In contrast to both U.S. Gypsum and El Escorial, the instant claim cannot be construed as either a claim for products liability or construction defect. Here, Defendant is alleged to have repeatedly sent particulate matter onto Plaintiffs’ property, despite awareness of the effect it was having. (See ¶24- ¶26 and ¶41-¶42 of Complaint [ROA No. 2].) Consequently, Defendant is alleged to have “created a nuisance on another’s property,” as described by the Court in City of San Diego v. U.S. Gypsum Co. (1994) 30 Cal.App.4th 575, as an example of a proper nuisance claim.
In addition to the above, El Escorial has been criticized by the Fourth District, Division 3, Court of Appeals. (See Lynch v. Peter & Associates etc. (2024) 104 Cal.App.5th 1181, 1195-1199 (Lynch).) While Defendant is correct in asserting the Court in Lynch ruled partially based on due process concerns not applicable here, the court nonetheless proceeded to analyze the holding in El Escorial, noting its “discomfort with El Escorial is perhaps more fundamental.” (Lynch v. Peter & Associates etc. (2024) 104 Cal.App.5th 1181, 1198.)
“Nuisance is an entirely separate cause of action from negligence, and the analysis should focus on whether the plaintiff has alleged all necessary elements of the claim...Even if the nuisance claim relies on the same facts about lack of due care supporting the negligence claim, it does not mean the claims are identical or duplicative.

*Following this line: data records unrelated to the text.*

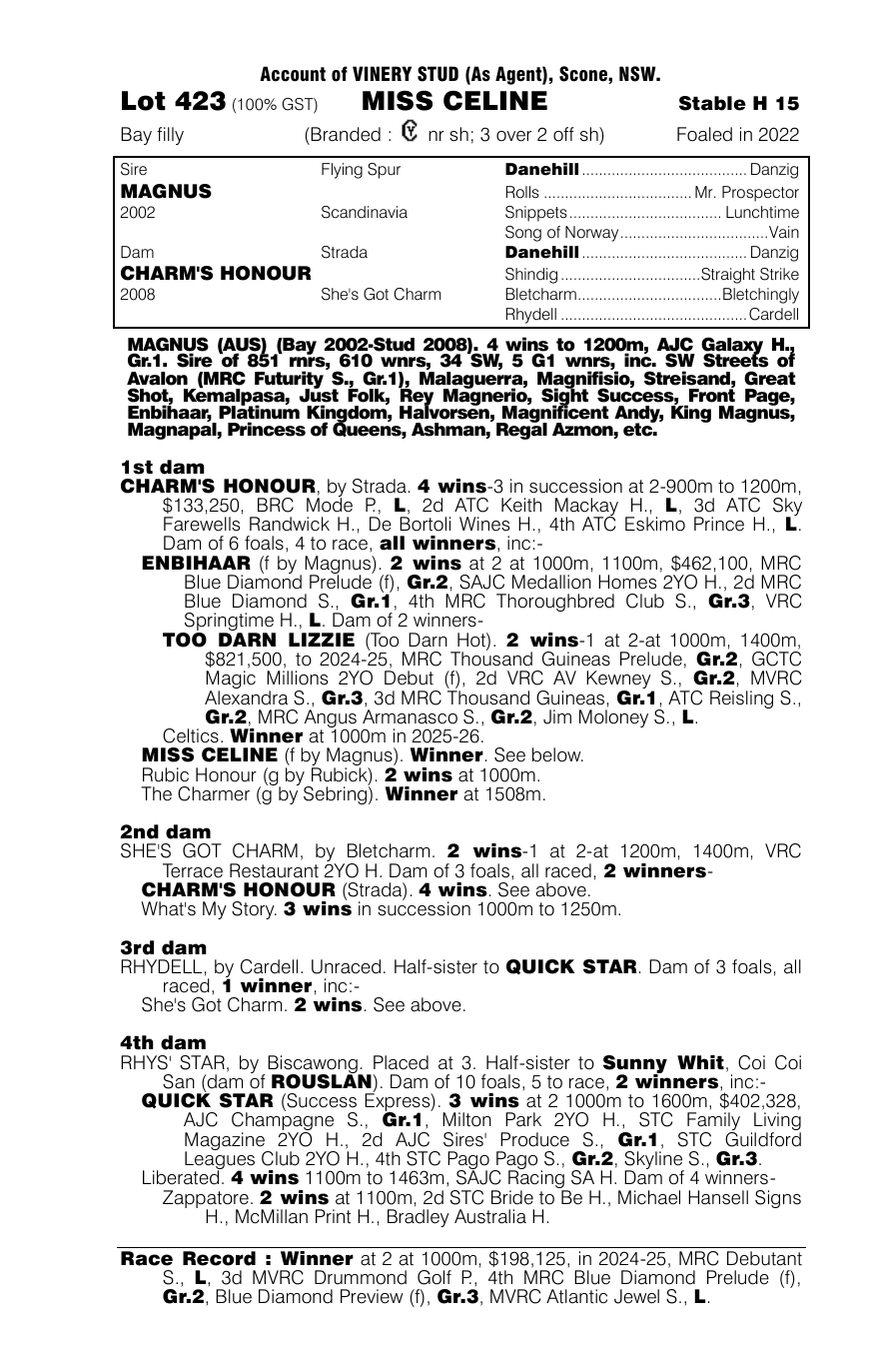 Pedigree - Lot 423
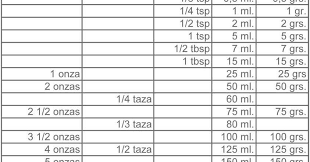 Pesos Y Temperaturas Abreviaciones C X2f S X3d Cucharada Sopera C X2f P X3d Cucharada Tabla De Equivalencias Equivalencias Tabla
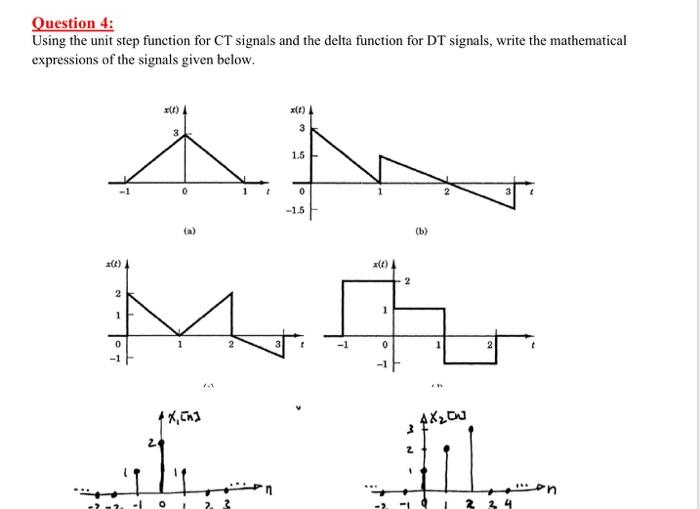 Solved Question 4: Using the unit step function for CT | Chegg.com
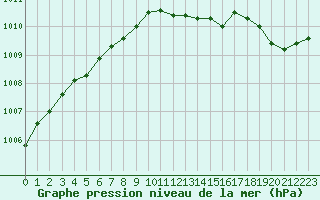Courbe de la pression atmosphrique pour Roissy (95)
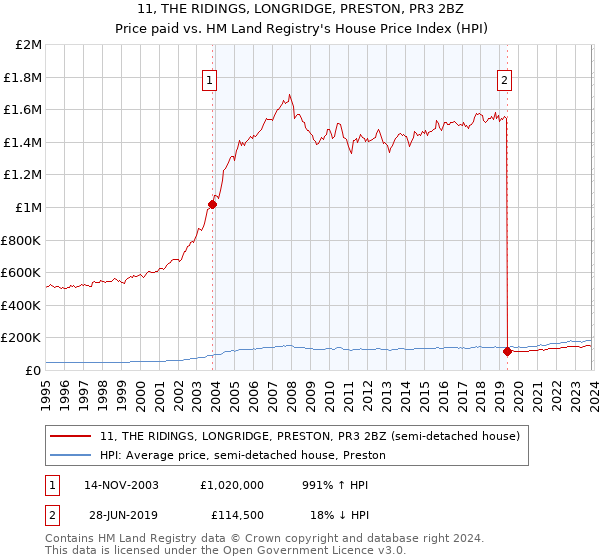 11, THE RIDINGS, LONGRIDGE, PRESTON, PR3 2BZ: Price paid vs HM Land Registry's House Price Index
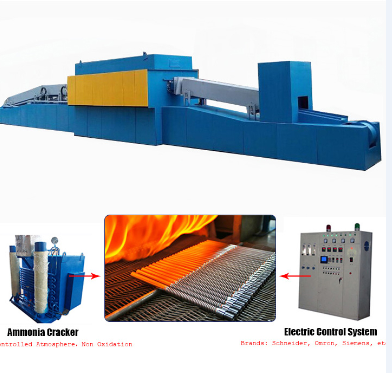 西宁特钢连续式退火炉工艺优化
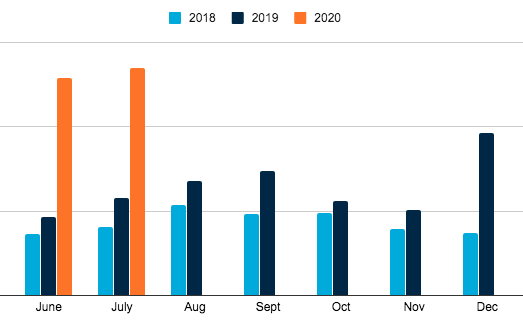 Parrott Wealth Stats
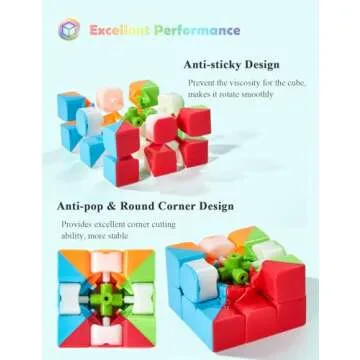 Speed Cube: Roxenda Profession 3x3x3 Speed Cube - Fast Smooth Turning - Solid Durable & Stickerless Frosted, Best 3D Puzzle Magic Toy - Turns Quicker Than Original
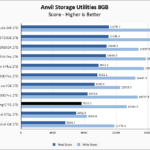 Fanxiang S770 2TB Anvil 8GB Chart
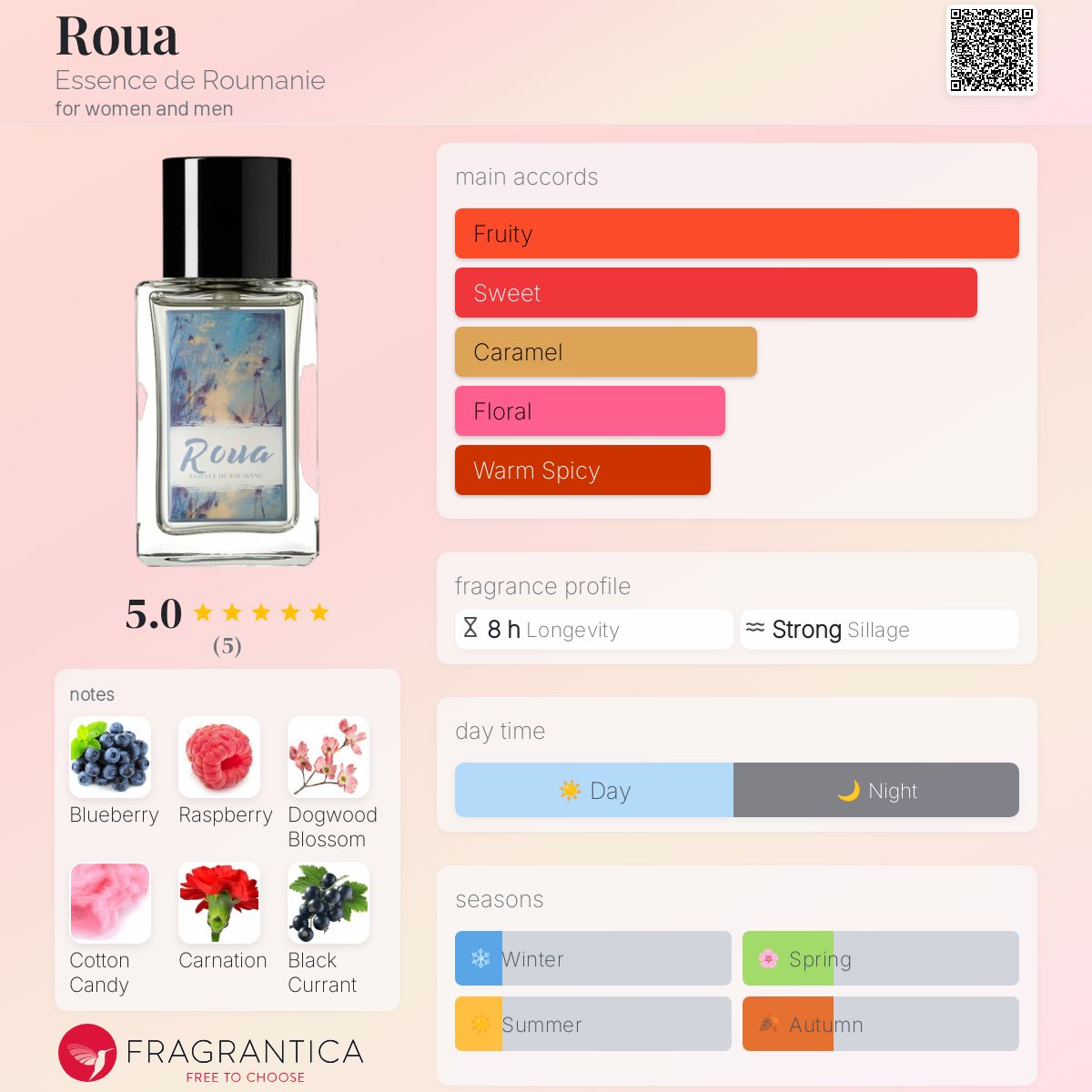 تصویر عطر روآ اسنس دو رومانی
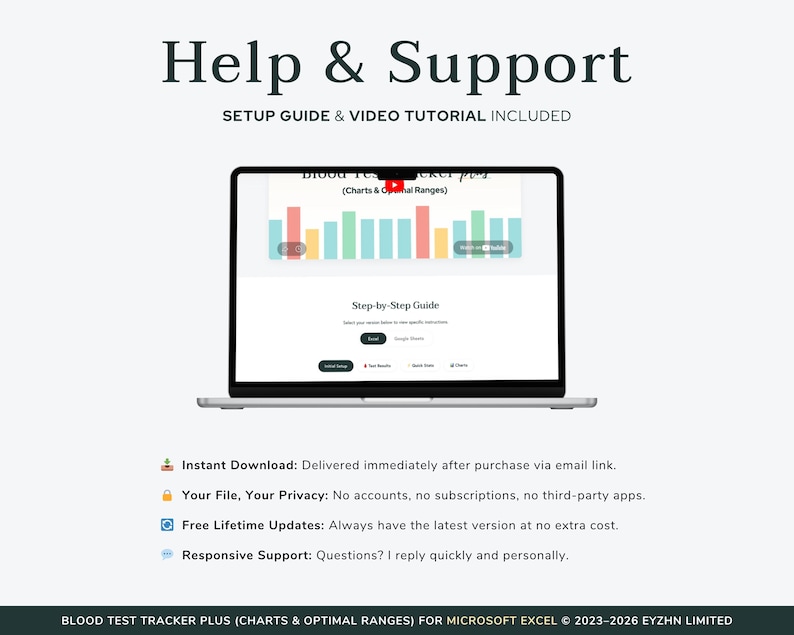 Customer support slide assuring buyers of dedicated help, troubleshooting, and access to video tutorials.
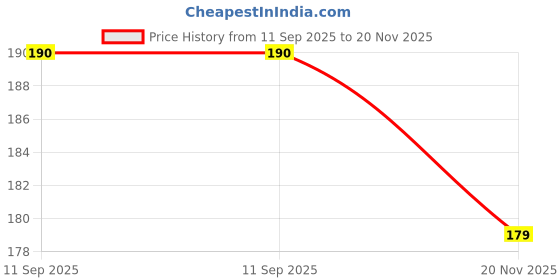 flipkart.com Wokia-Electronics Company Mobile Battery For Compatible Jio Keypad All Model / 2000mAh Price History Graph from 11 Sep 2025 to 20 Nov 2025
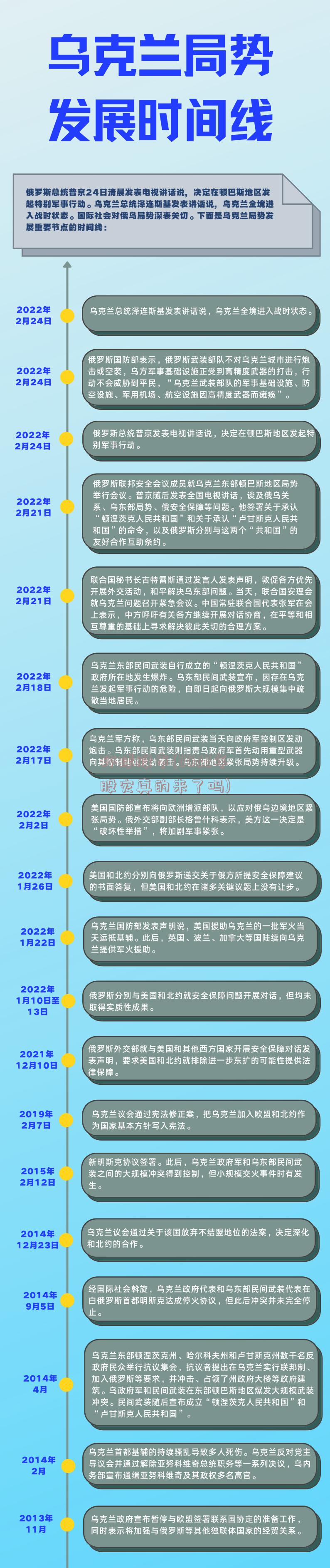 环球股市(2022年股灾真的来了吗)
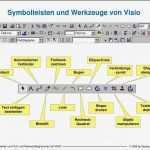 Visio Netzwerk Vorlage Süß atemberaubend Visio Netzwerkdiagramm Vorlage Ideen
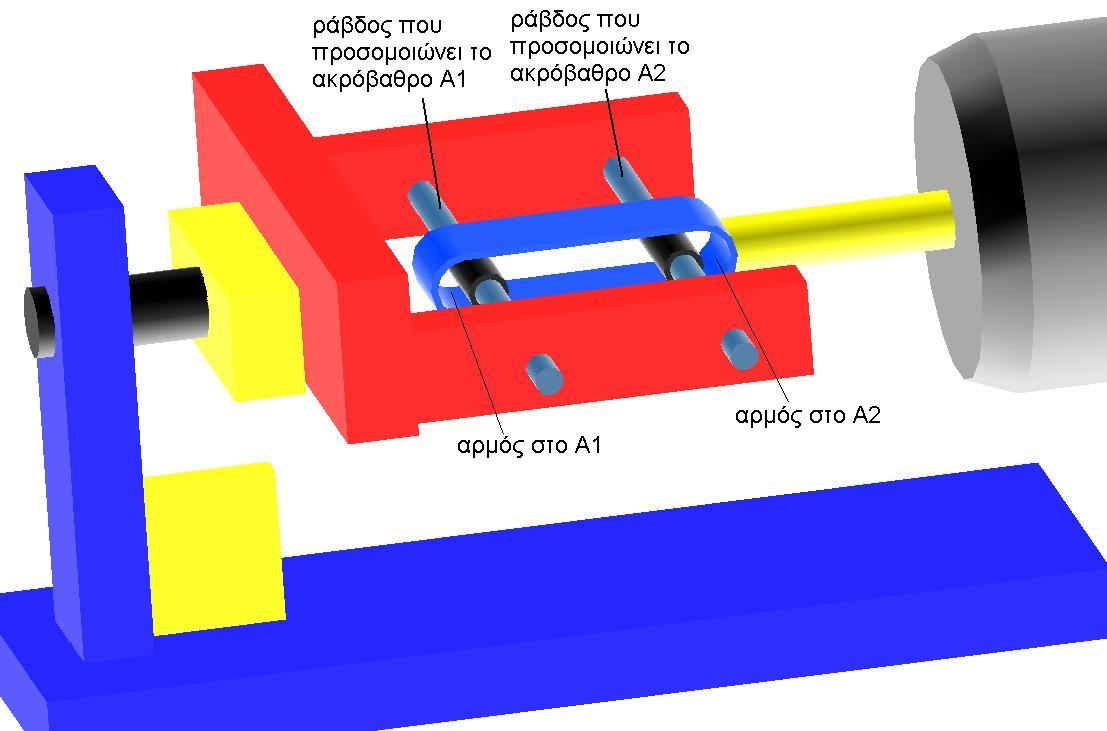 6 ο Κεφάλαιο: Αδρομερής πειραματική διερεύνηση χάλκινη ράβδος Σχήμα 6-9: H διαμόρφωση του προσκρουστήρα, της ράβδου-ομοιώματος ακροβάθρου και επιχώματος- με τον δακτύλιο και την επένδυσή του από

Indeed, many pleadings allege numerous causes of action based on the same facts. This does not mean the causes of action are all the same. Also, assessing a nuisance claim in this manner ignores the fact that a duty between defendant and plaintiff need not exist to maintain a nuisance claim. By conflating the two theories, the trial court added an element to appellant’s nuisance claim she was never required to establish in the first place.” (Lynch v. Peter & Associates etc. (2024) 104 Cal.App.5th 1181, 1199.) Page 15 of 15
As the Lynch court explained: “[I]t is well settled in this state that an owner of land may not do even nonnegligent acts on his property with impunity where they create a nuisance as to his neighbor.” (Lynch v. Peter & Associates etc. (2024) 104 Cal.App.5th 1181, 1197.)
Applying Lynch herein, as Defendant did not challenge Plaintiffs ability to prove the elements of a private nuisance, this portion of the motion for summary adjudication is DENIED.